Explaining Rookie Performance
Based on the scatterplot matrix, draft pick explains a fair amount of variability in first-year fantasy points. Teams shell out millions of dollars for rookie players, so it’s not surprising that points and pick number are inversely related, such that lower picks (1, 2, 3) score more fantasy points during their first season than higher picks. The other variable that exhibits a relationship with points is weight, which is moderated by position. Running Backs (RBs) appear to benefit more from having a few extra pounds relative to Wide Receivers (WRs). Being able to punch the ball in from the 1-yard line means more touchdowns. Having a more robust build might translate into fewer injuries and missed games. And being heavier would make an RB harder to tackle, which means more running yards. Having extra weight is less beneficial to a WR, as they rely on their speed and agility to create separation from defenders. Indeed, heavier players run slower 40-yard dash times, and I haven’t seen too many successful WRs in the NFL who were slow. This suggests that given the option between a lighter or heavier RB, go with the big guy.

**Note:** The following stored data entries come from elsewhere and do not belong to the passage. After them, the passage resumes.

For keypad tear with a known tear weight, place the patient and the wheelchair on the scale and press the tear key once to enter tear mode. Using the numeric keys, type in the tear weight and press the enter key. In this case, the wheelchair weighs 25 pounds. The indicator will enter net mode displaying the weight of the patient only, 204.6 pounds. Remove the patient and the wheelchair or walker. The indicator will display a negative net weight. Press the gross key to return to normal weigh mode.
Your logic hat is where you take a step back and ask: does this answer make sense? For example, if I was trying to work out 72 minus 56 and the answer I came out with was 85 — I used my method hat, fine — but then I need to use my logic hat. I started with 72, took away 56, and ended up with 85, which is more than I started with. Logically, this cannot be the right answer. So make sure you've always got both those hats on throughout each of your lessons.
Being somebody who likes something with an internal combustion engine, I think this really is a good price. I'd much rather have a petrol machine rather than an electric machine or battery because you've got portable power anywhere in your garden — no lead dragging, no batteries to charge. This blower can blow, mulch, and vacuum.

Teams do seem to factor the weight of an RB into their draft strategy, as heavier RBs are drafted earlier on. But the question is whether weight is still significant after controlling for draft pick number and accounting for position (WR vs. RB). I’ll apply my two favorite modeling approaches when interpretation is paramount: Linear Model (LM) and General Additive Model (GAM). Pick number is present in both models. The LM features an interaction term to capture the disparate relationship between weight and position. The GAM model has a smoother for both weight and pick-number, and position is included as a dummy variable. For those unfamiliar with GAM, it’s a fantastic approach for modeling non-linear relationships while maintaining a highly interpretable model. The one drawback is that it is Additive and thus doesn’t account for interactions (of course you can add interactions terms into the model, but then it’s no longer a GAM). We’ll use LOOCV (leave-one-out-cross-validation) to determine which method of describing the data generating process is most generalizable.

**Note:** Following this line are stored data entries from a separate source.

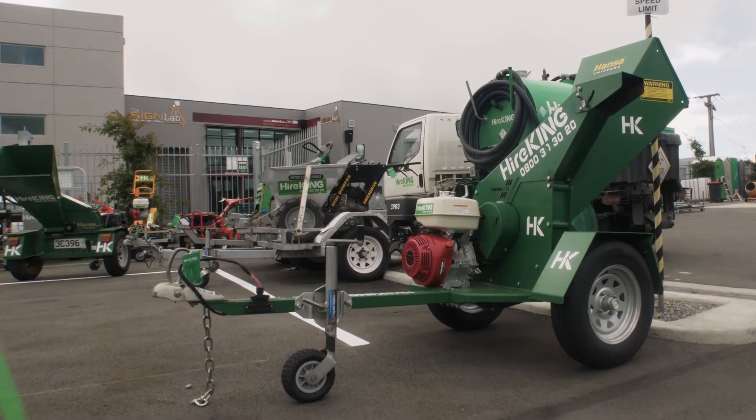90 millimeter petrol chipper. This chipper is user-friendly and easy to operate with a self-feeding action, capacity of approximately 90 millimeters. Suitable for garden maintenance, pruning, and tree removal. To convert wood into chips, feed the branches into the chipper.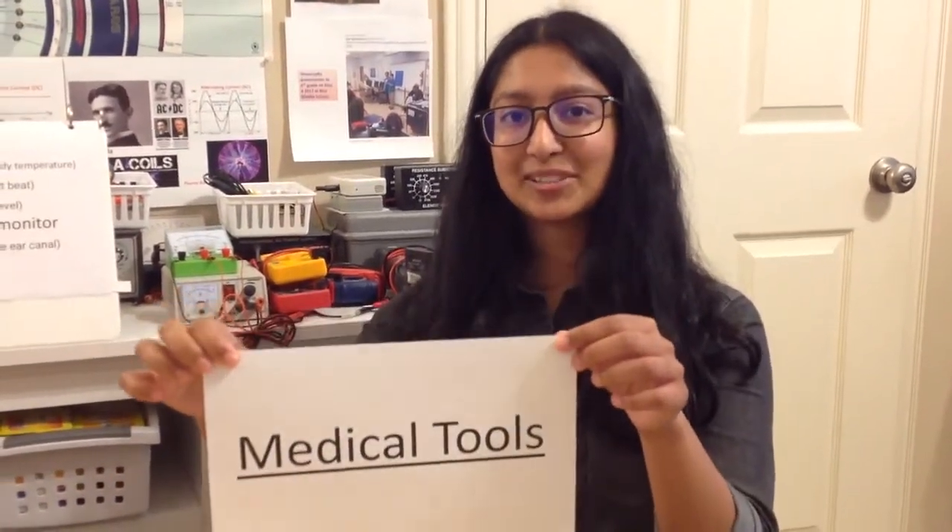Hello, my name is Dara. Who is your guest? Hi, my name is Subiksha. I'm Dara's friend. Today we'll be talking about medical tools.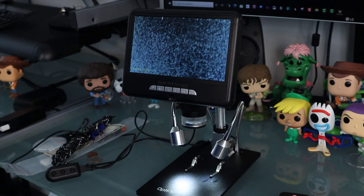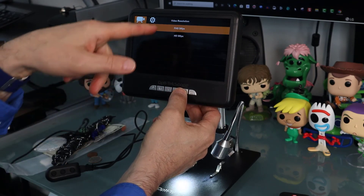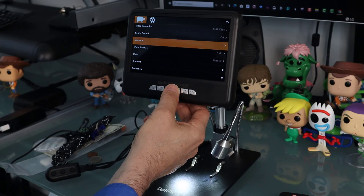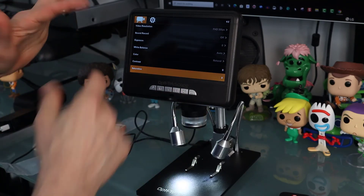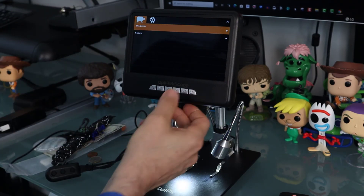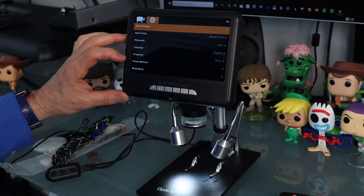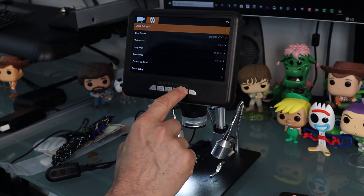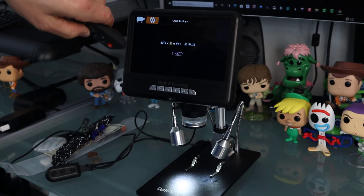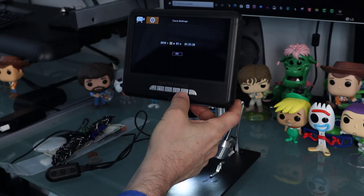To get to the features, press and hold the M button. That gives you video resolution — full HD 30 frames or HD 30 frames per second. You've also got sound record, exposure, white balance, color, contrast, and saturation. These settings are important for someone particular about coloring. Going down further you have sharpness and gamma. Press M again and you get to clock settings, date format, watermark, language, frequency, format SD card, and reset. It's a lot easier to navigate by clicking the buttons directly on the microscope rather than the remote control.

# function for cross validation
split_data = function(input_df, pct_train){
set.seed(1)
data_list = list()
random_index = sample(1:nrow(input_df), nrow(input_df))
train_index = random_index[1:(floor(nrow(input_df) * pct_train))]

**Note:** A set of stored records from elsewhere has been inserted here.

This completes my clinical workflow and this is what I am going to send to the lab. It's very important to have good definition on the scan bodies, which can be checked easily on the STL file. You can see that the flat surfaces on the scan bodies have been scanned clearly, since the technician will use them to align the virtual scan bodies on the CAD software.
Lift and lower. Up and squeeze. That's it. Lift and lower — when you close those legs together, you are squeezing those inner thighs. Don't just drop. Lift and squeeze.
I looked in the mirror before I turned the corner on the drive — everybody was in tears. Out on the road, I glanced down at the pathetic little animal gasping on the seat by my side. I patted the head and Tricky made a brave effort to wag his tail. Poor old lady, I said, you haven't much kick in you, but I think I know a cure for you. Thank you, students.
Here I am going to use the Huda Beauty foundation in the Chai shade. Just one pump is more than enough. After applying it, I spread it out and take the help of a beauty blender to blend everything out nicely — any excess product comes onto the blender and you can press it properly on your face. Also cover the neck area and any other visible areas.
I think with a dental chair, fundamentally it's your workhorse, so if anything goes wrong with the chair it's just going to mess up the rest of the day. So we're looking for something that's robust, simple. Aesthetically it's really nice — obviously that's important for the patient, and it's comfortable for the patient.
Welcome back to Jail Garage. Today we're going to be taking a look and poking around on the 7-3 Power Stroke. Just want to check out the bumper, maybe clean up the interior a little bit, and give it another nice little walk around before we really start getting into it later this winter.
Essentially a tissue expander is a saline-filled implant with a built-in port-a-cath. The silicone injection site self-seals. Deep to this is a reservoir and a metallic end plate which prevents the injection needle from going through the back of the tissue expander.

data_list[['train_df']] = input_df[train_index,]
data_list[['test_df']] = input_df[setdiff(random_index, train_index) ,]
return(data_list)
}
input_df = rookie_stats
pct_train = 0.8
fdata = split_data(input_df, pct_train)
row_index = sample(1:nrow(fdata$train_df), nrow(fdata$train_df))
# empty vectors to store prediction errors during LOOCV
lm_pred = c()
gam_pred = c()
for(i in row_index){
# training data
temp_train = fdata$train_df[setdiff(row_index, i),]
# validation datum
temp_validation = fdata$train_df[i,]
# linear model
temp_fit_lm = lm(total_pts ~ weight_lbs * pos + pick,
data = temp_train)
# GAM model
temp_fit_gam = mgcv::gam(total_pts ~ s(weight_lbs) + s(pick) + pos,
data = temp_train)
# linear model prediction
lm_pred = c(lm_pred,
predict(temp_fit_lm, temp_validation))
# GAM model prediction
gam_pred = c(gam_pred,
predict(temp_fit_gam, temp_validation))
}
Let’s consider two different measures of performance.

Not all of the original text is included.